Our Upcoming UPB Service

May 4, 2017

This coming Friday night, May 5th, we will be having our quarterly Union Prayer Book Service. Each service has focused on a different set of prayer books that are all part of classical Reform tradition. We did a service using Rabbi David Einhorn’s Olat Tamid. This was one of the earlier American prayer books, so early that it was originally published in German and Hebrew. It was only in the 1890s that it was reprinted with English and Hebrew.

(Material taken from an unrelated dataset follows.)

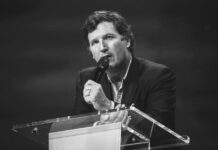 Tucker Carlson nombra las principales amenazas para la sociedad estadounidense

This prayer book was considered a theological representation of what was called “Radical Reform”. It was characterized by theological clarity and consistency. To this day, Rabbi Einhorn is considered one of the great thinkers of American Reform Judaism. His two sons-in-law, Rabbi Kaufmann Kohler and Rabbi Emil Hirsch, carried on his religious vision.

Rabbi Kaufmann Kohler

 

We also did a service using the 1892 original Union Prayer Book (UPB). This was the earliest UPB, which was heavily influenced by Isaac Mayer Wise, whose philosophy was called “Moderate Reform”. The 1892 UPB was edited by Rabbi Isaac Moses of Milwaukee, whose brother, Rabbi Adolph Moses, and his nephew, Rabbi Alfred Moses, were both rabbis here in Mobile. What is fascinating about this prayer book was that it was withdrawn from circulation by the Central Conference of American Rabbis. Two or three years later, a new edition was issued, which was used until it was revised in 1940. There was then a third revision in 1961.

 

The service we are going to be using is based on the Union Prayer Book Sinai Edition, Revised. This is the prayer book published by the Society for Classical Reform Judaism, which is led by Rabbi Howard Berman of Boston.

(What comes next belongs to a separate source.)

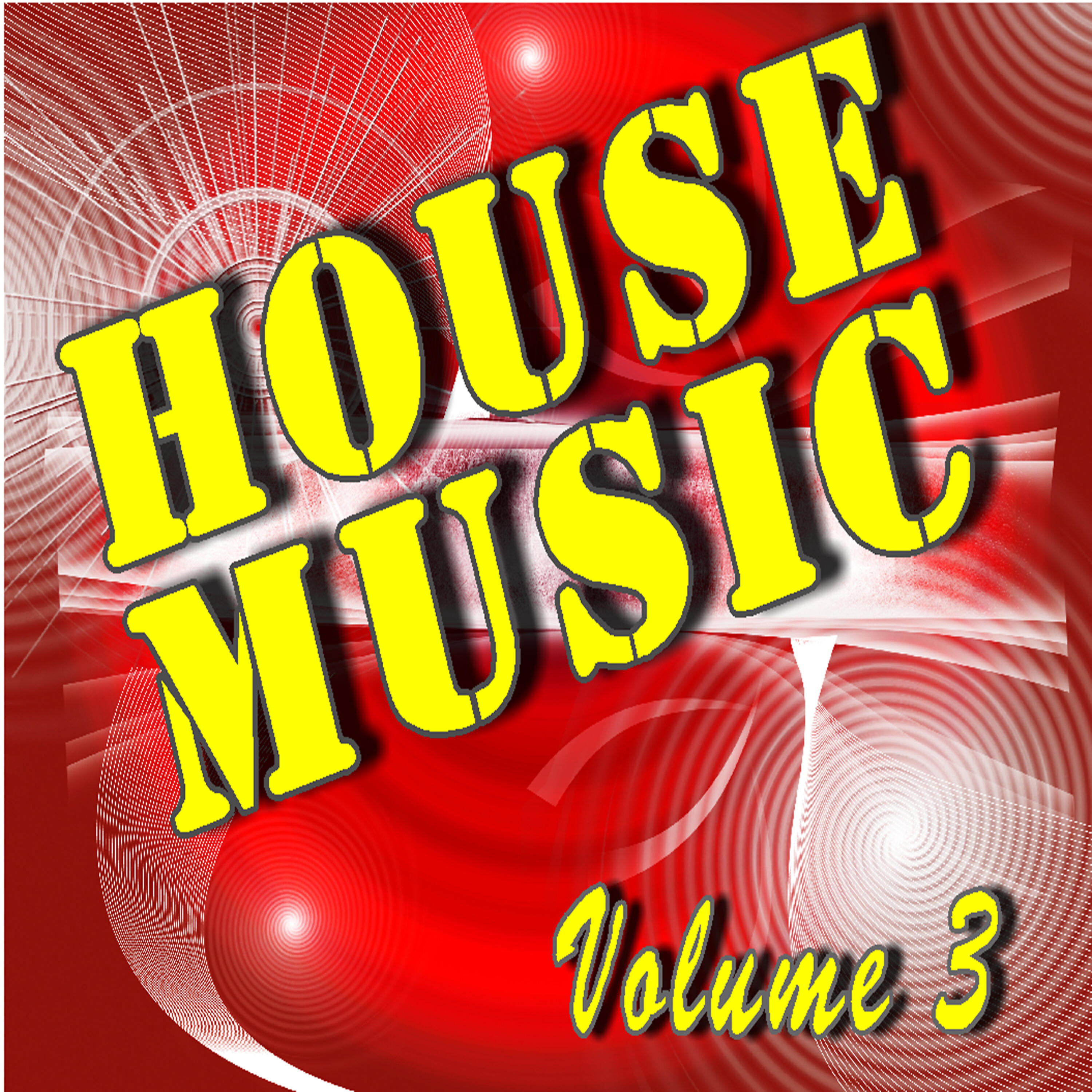 Релиз House Music, Vol. 3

The Society for Classical Reform Judaism is attempting to preserve the unique features of Classical Reform Judaism while updating it in most of the areas that one would expect. What it does do is seek to preserve the grace and poetry of the UPB by building upon the past rather than replacing it.

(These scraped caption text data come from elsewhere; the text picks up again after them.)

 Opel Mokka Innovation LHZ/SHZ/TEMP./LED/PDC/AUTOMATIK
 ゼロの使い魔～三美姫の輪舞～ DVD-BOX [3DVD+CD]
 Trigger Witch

The language of the Sinai edition is gender neutral and contemporary, but there are exceptions made for the readings, such as the 23rd Psalm. The Sinai Edition is based on the 1940 UPB, which appeared before the Holocaust and the establishment of the State of Israel. It also occurred before most of the contemporary social changes in the United States, including women’s rights, increasing intermarriage, the civil rights movement, gay rights, and many others.

 

This is a prayer book that is fascinating for all the reasons mentioned above and we hope that it will appeal to many of those grew up with the 1940 or the 1961 UPB. The service will be conducted in the sanctuary with greater formality and solemnity as appropriate for a UBP service. We look forward to seeing you there.